At subdued Boalt Hall forum, Nov. 9 protest clash gets a hearing
A Police Review Board forum drew a sparse crowd, but elicited powerful testimony from students, faculty and others who said they were victims of, or witnesses to, police violence during November's Occupy Cal protests.
February 14, 2012
In contrast to December’s annual meeting of the campus Police Review Board — at which scores of people demanding to testify about police conduct during last year’s campus protests were told to come back at a future date — a PRB forum arranged for the express purpose of hearing such testimony drew a surprisingly thin crowd of several dozen on Monday night.
Several of those who did attend, noting the empty seats in Boalt Hall’s Booth Auditorium, pointed to what they perceived to be a lack of official action on the findings of an earlier PRB investigation into 2009’s Wheeler Hall protests.
Speakers at the nearly three-hour session included both students and faculty members who clashed with police on Nov. 9, 2011, over Occupy Cal’s efforts to set up an encampment outside Sproul Hall. Among them was Celeste Langan, an associate professor of English and acting director of the Townsend Center for the Humanities, who told the five-member board she’d been surprised by “the violence with which I was arrested.”
Langan, emphasizing the civil-disobedience aspect of her participation, recalled holding out her hand to police that day and saying “Arrest me, arrest me.” But instead of taking her arm, she went on, “a policeman grabbed me by the hair and yanked me forward and made me lie on the ground and handcuffed me.”
Associate professor Geoffrey O’Brien, her English Department colleague, noted that many protesters, squeezed between police lines in front and tents and other protesters behind, were physically unable to comply with police orders to move. O’Brien, who said he’d been struck by an unidentified Alameda County sheriff’s deputy, added that police commands often could not be heard and that batons were used on students, faculty and others “without provocation.”
Amanda Armstrong, a graduate student who said she was hit by police batons “at least a dozen times” on Nov. 9, complained that while protesters set up tents “in conscious violation” of the campus’s Student Code of Conduct as an act of free speech, police treated them as though they were criminals.
“Because this act violated the code, the administration sent in the police to take down the tents,” she said. But police continued to act with aggressive force, she added, even after the tents were gone.
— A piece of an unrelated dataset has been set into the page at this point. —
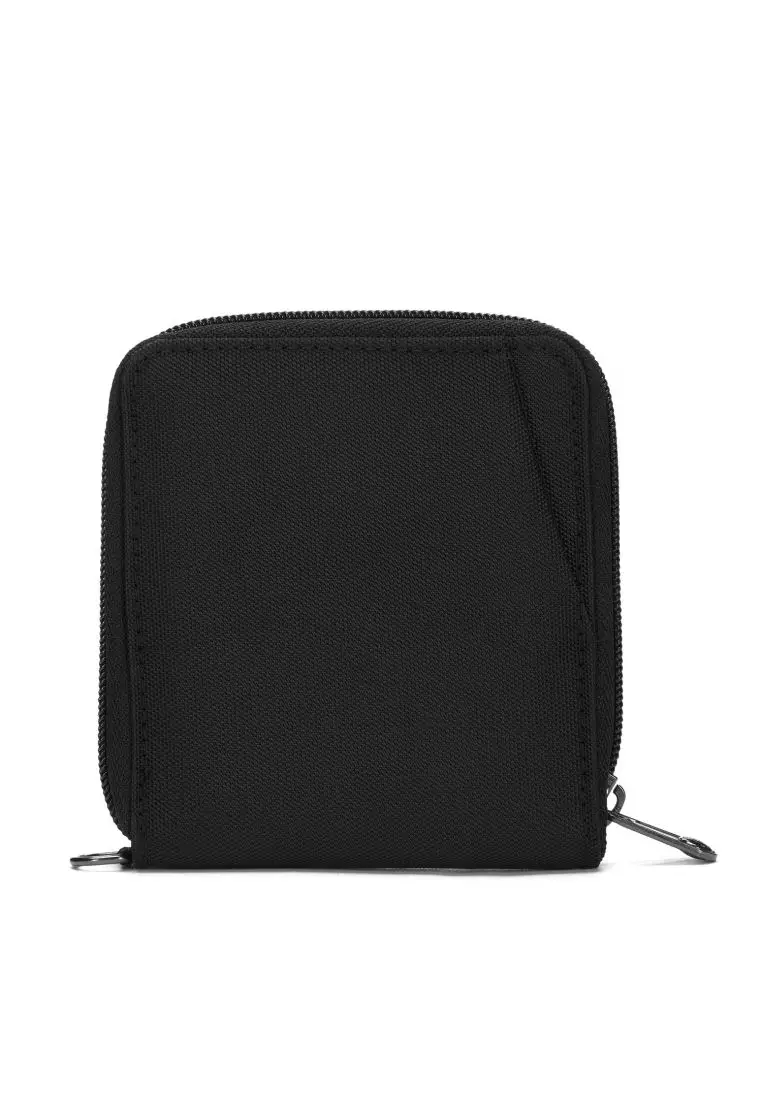 Buy Pacsafe Pacsafe Rfidsafe Zip Around Wallet (Black) Online | ZALORA ...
“To them, we were remaining at the scene of a crime, or a riot, or were refusing to disperse when ordered,” Armstrong said. “It wasn’t about the tents anymore. It wasn’t about the student-conduct code, about campus policy or community norms. It was just about policing.”
Bahar Navab, president of the Graduate Assembly, made a plea for increased communication between students and administrators, citing a lack of engagement by campus officials as a contributing factor in how the conflict played out.
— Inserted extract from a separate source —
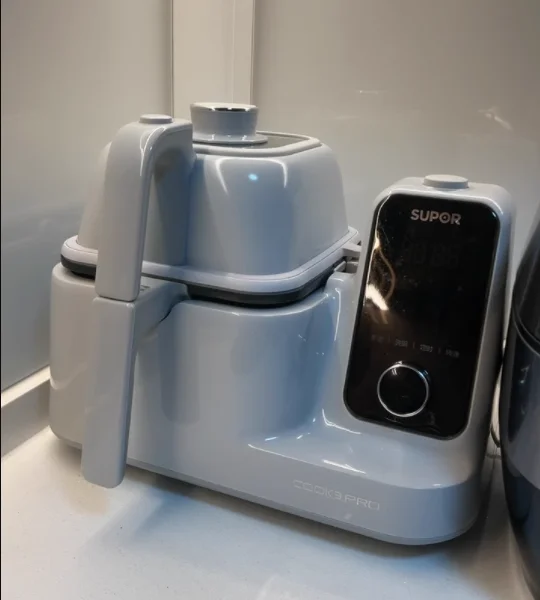 220V Automatic Cooker with Multi-functionality for Cooking and Robot Assistance,Fully Automatic Stir-fry Robot AD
“I guess I’m wondering, what is the role of the administration?” she said. “You can’t just say, ‘This is our policy, but we’re not responsible for the fallout.’ “
Similarly, Law School dean Christopher Edley, who is looking into systemwide responses to student protests at the behest of UC President Mark Yudof, cited confusion over the amount of discretion police had in acting as they did. He urged the five-member campus board to determine “what policy judgments were made by administrators, as compared with the tactical choices that were made by the police.”
“I think it’s very important for police officers individually, and for the police department as a whole, to be held accountable for the professionalism with which they acted, or failed to act,” Edley said. “But I don’t think it’s appropriate to blame them for executing policies that were not of their own making … nor is it possible for us to understand what the administration did or didn’t do unless you clarify that line for us.”
The Police Review Board, chaired by law professor Jesse Choper, will hold a follow-up session at 7 p.m Wednesday in Booth Auditorium. Another hearing, at which designated students, faculty members and law enforcement officials will show video and present verbal testimony, is set for March 5, and the panel intends to conduct interviews with members of the administration over the coming weeks.